Goodbye and Farewell

My father
Picture taken of me, my daughter when she was tiny and my father, at my sister’s wedding .

 

Well, goodbye to 2018.

Goodbye to my father Christopher Martin Zakheim, who died on Christmas Day 2018.

Hello to a show that was life changing for me. Hello to a book I had dreamed of for twenty years.

A trip to the dentist in February gave me a rare mouth condition which troubles me daily BUT after endless research I discovered loads of vitamins that helped me and loads of others. I’ve tried to turn every difficult situation into a positive but sometimes life can be gruelling.

My father’s death was too dreadful from brain cancer but instead of dwelling on that, I’d like to celebrate what a character he was.

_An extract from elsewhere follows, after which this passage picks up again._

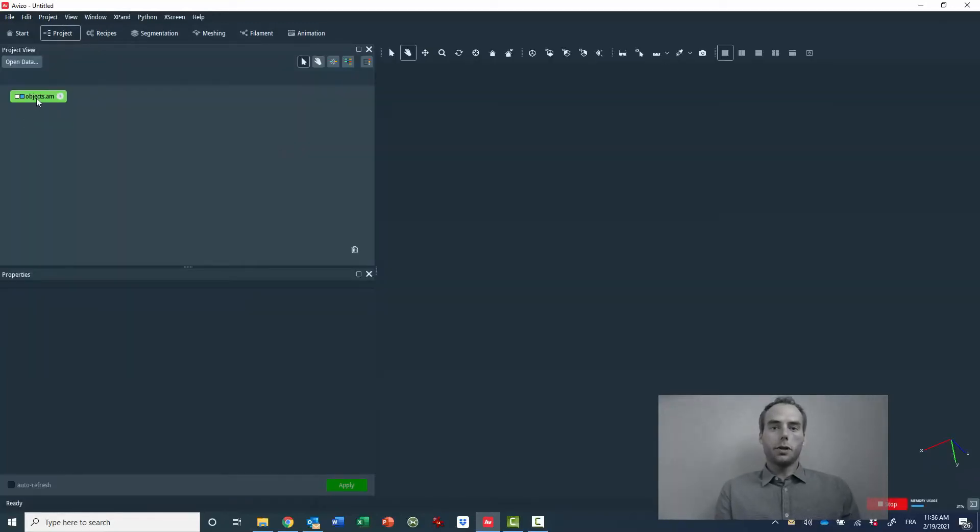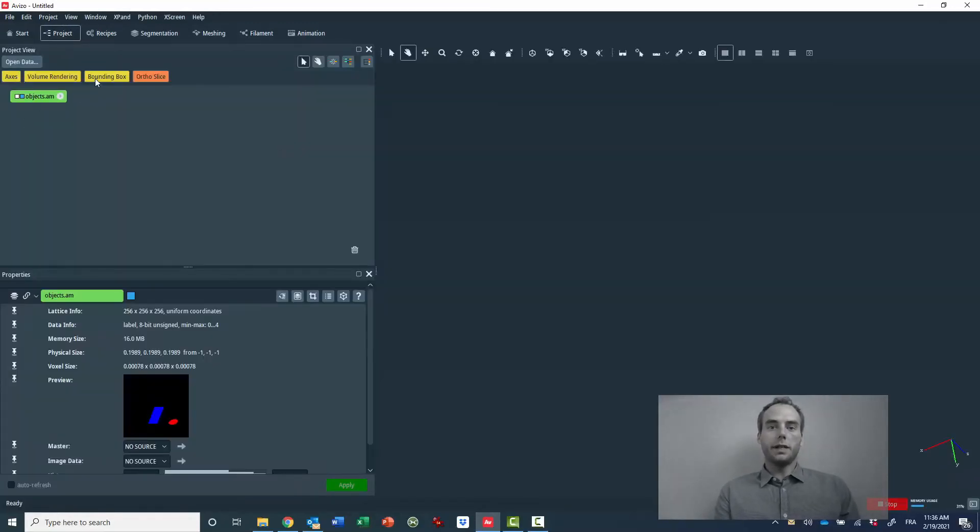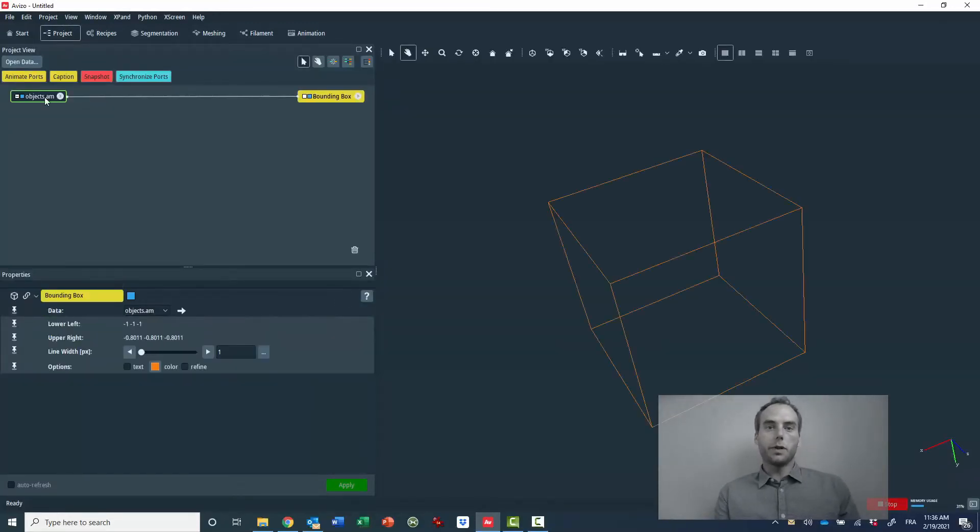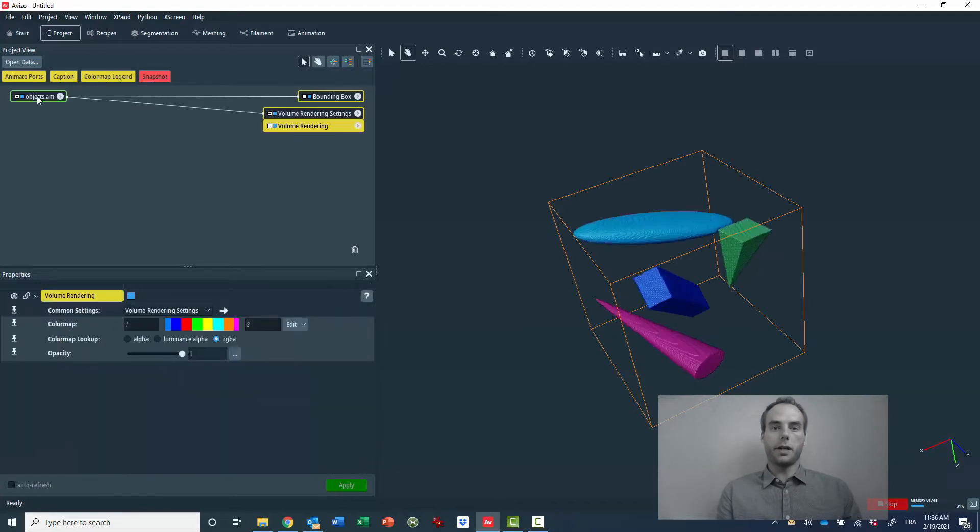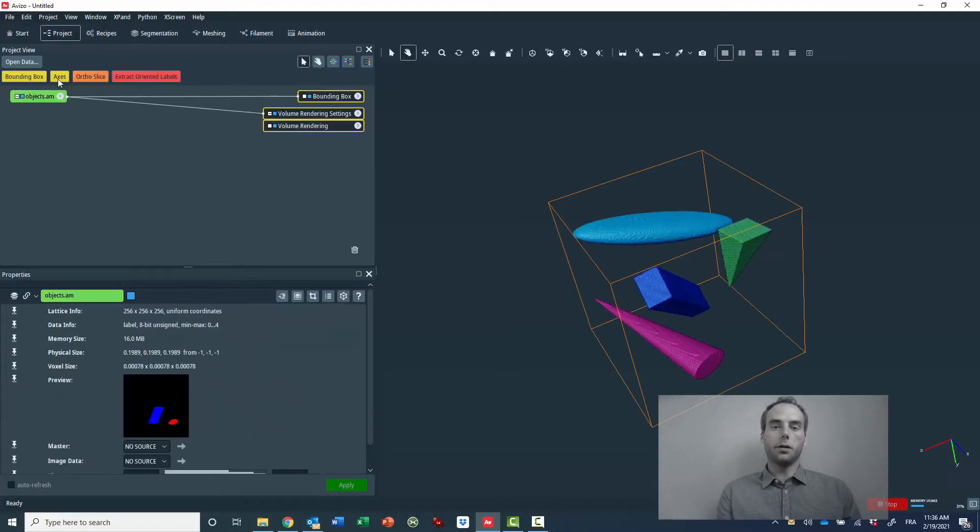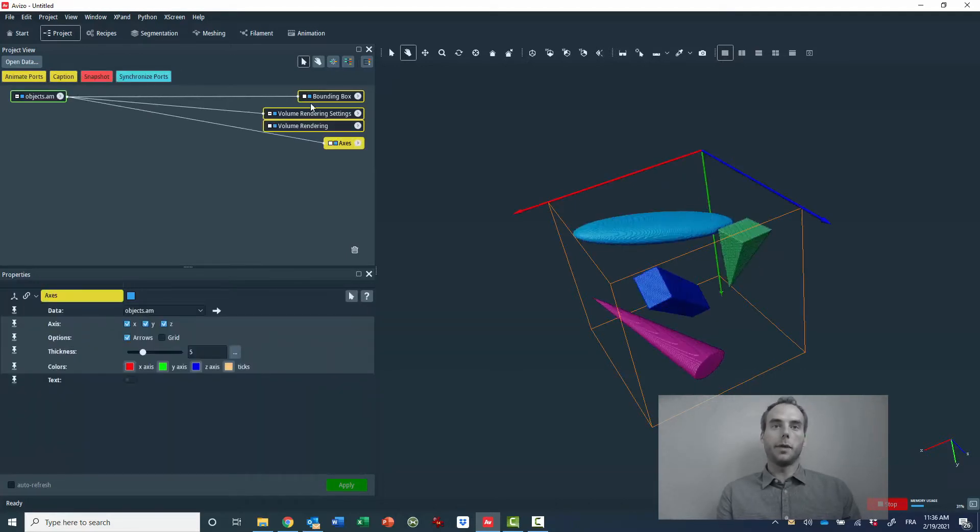Hello, today I'm going to show you how to easily extract and resample volumes along their main orientation from a label image.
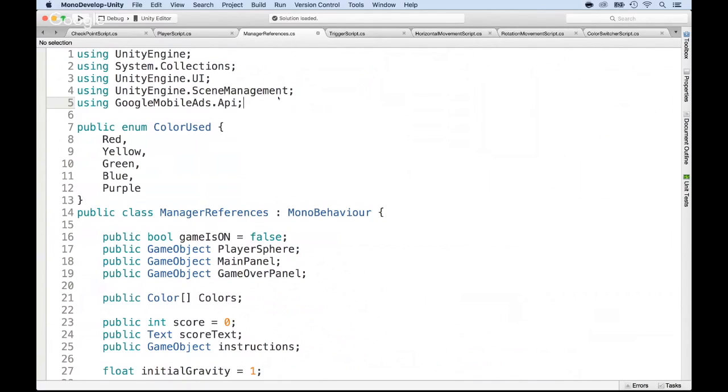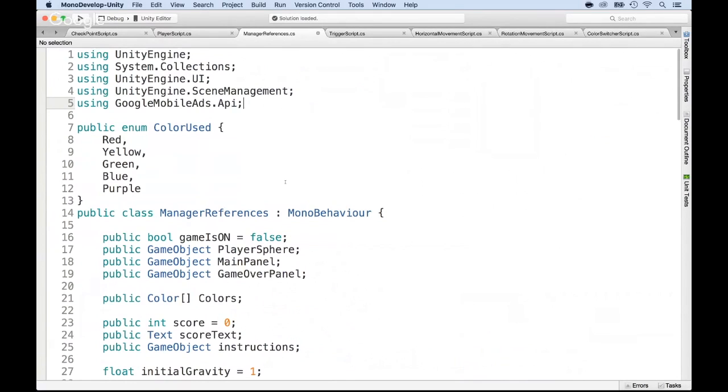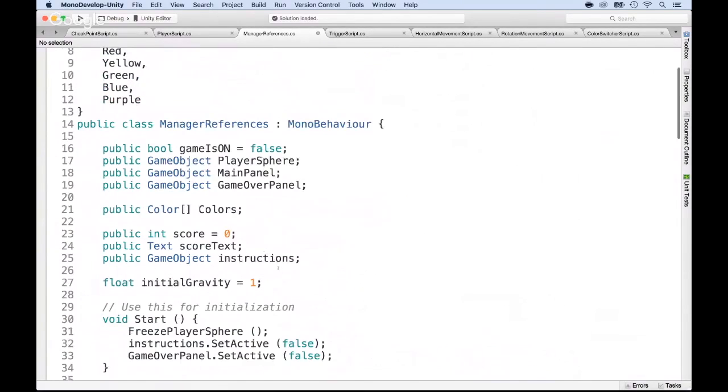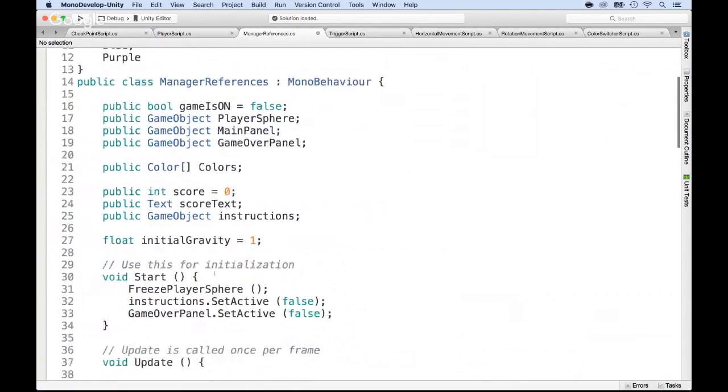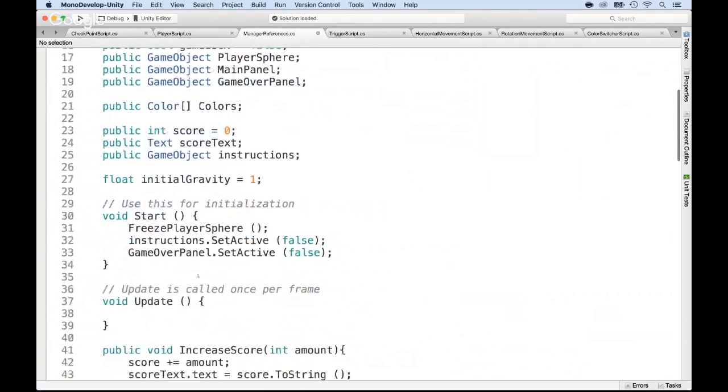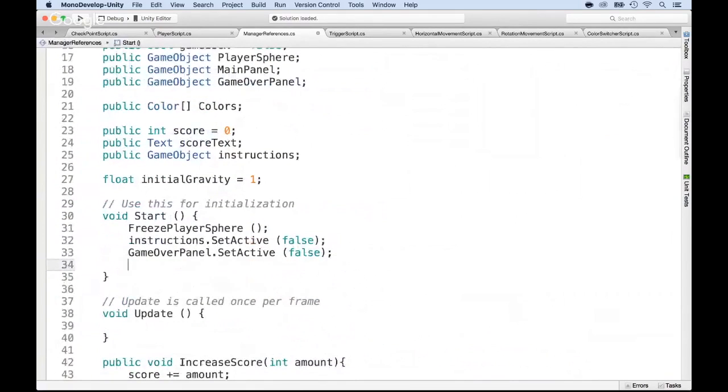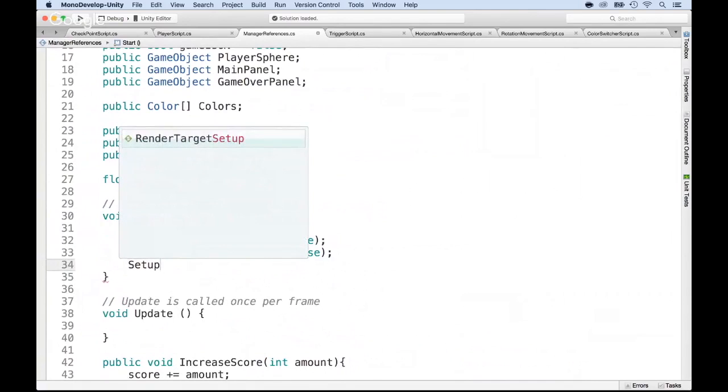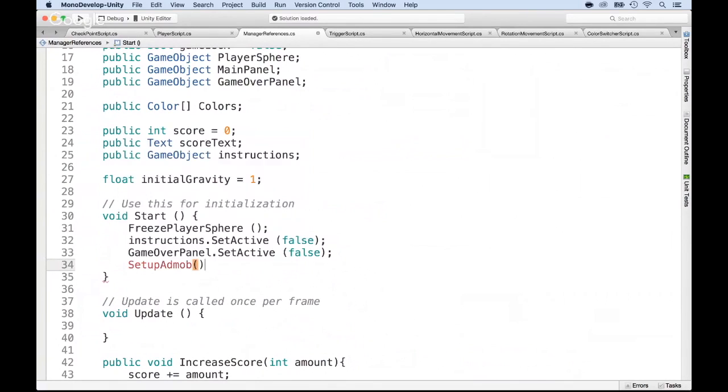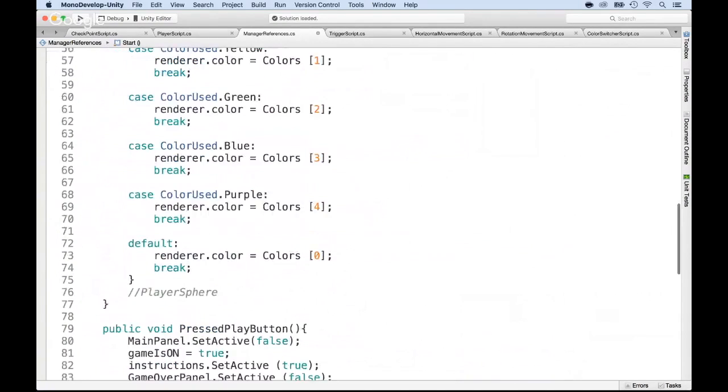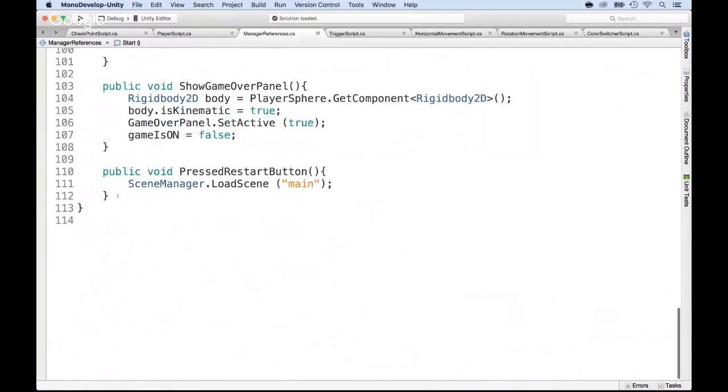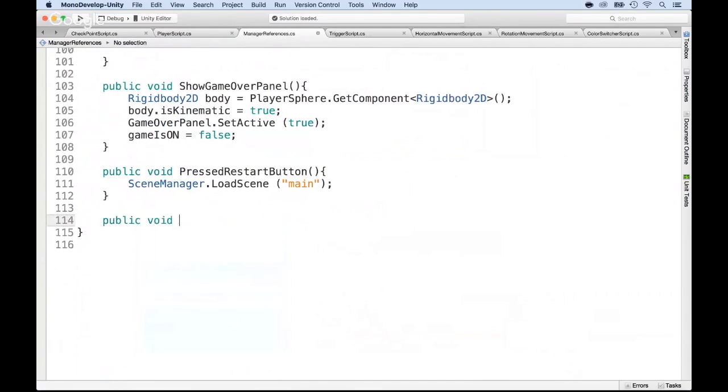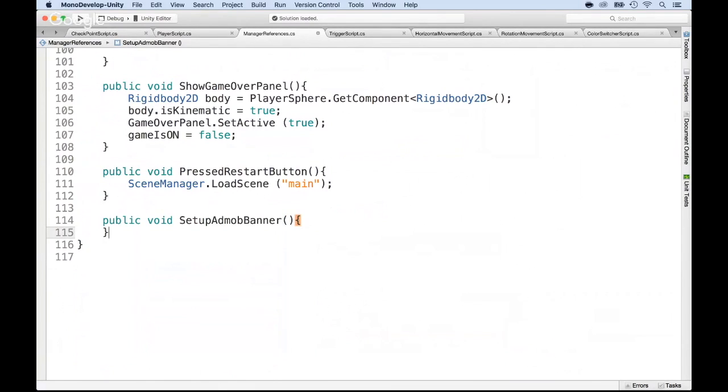And now we need to have banner IDs. So inside of the start, I'm going to create a new method. Here, I'm going to call it set up AdMob banner so that we know we're working on the banner. And we don't have the method, so we're going to create it. I'm going to go all the way down of this file and create it, public void set up AdMob banner. And here, we're going to write the logic.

He wasn’t normal or conventional- ever. He was charming and only walked his own path. He never complained and certainly never explained! Ever! I hope I can be that brave. He used to rock up to my boarding school in a shirt unbuttoned to the waist (1970s!) and skin tight jeans. No other father looked like him. The matrons would be staring out of the window to witness his approach, which even then I knew was funny, if slightly embarrassing- for them! He paid my school fees with cash that he had tucked down his sock- he was a true antiques dealer of the old school kind.

Once he got over his 1970s look, he grew into one of the best dressed men I ever met and one of the few men who could actually were velvet and look slick. Brocade waistcoats, perfect cufflinks, brogues – these were the mainstays of his wardrobe. He always loved a character and attracted them wherever we went, especially in his Russian Art Gallery in London’s West End. He would have loved my show as it was packed with extraordinary people.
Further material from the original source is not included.